In 2021 the Australian Fisheries Management Authority (AFMA) deployment of chartered vessels supporting targeted operations to combat IUU fishing also resulted in successfully removing 4500kg of marine debris.
Working closely with Maritime Border Command (MBC) and the Australian Defence Force (ADF), AFMA fisheries officers embarked on three voyages to assist in the retrieval and disposal of fishing equipment and foreign fishing vessels seized for unlawful fishing in Australia’s northern waters.

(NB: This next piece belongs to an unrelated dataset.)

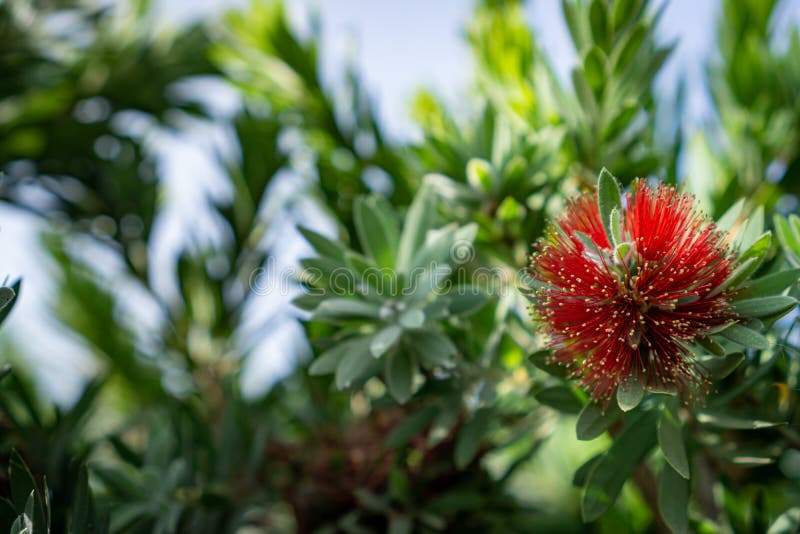 Floración roja de las flores del bottlebrush que llora fotografía de archivo libre de regalías Floración roja de las flores del bottlebrush que llora fotografía de archivo libre de regalías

While providing logistical assistance to MBC operations targeting illegal foreign fishing vessels in waters around Ashmore Reef, Cartier Island, Mermaid Reef and Rowley Shoals Marine Parks, the AFMA chartered vessels were also able to retrieve marine debris such as ghost nets and fish aggregating devices (FADs) which had drifted into Australian waters from the north.
‘AFMA Officers retrieved a total of five foreign ghost nets weighing 2.20 tonnes and nine FADs weighing 2.30 tonnes, with more than 4000 metres of anchor rope, which were in addition to the disposal of four illegal vessels and fishing equipment seized by MBC patrol vessels from foreign fishing vessels caught operating illegally within the Australian Fishing Zone,’ said AFMA’s general manager of operations Peter Venslovas.
AFMA works closely with Parks Australia and MBC to collect Abandoned, Lost and Discarded Fishing Gear (ALDFG) found in northern Australia through the Australian Government’s Ghost Nets Initiative. This includes trialling the use of GPS trackers attached to nets that are unable to be retrieved at the time so they can be re-located and removed.
Peter Venslovas said Australia continues to respond, safely, quickly and decisively to remove foreign FADs and ghost nets to protect the unique biodiversity of Australia’s northern waters and continues to assist MBC with the interception of illegal foreign fishing vessels.
‘The Australian Government’s targeted compliance operations serves as a reminder to those seeking to exploit Australia’s marine resources that Australian authorities have zero tolerance for such illegal activity,’ he said.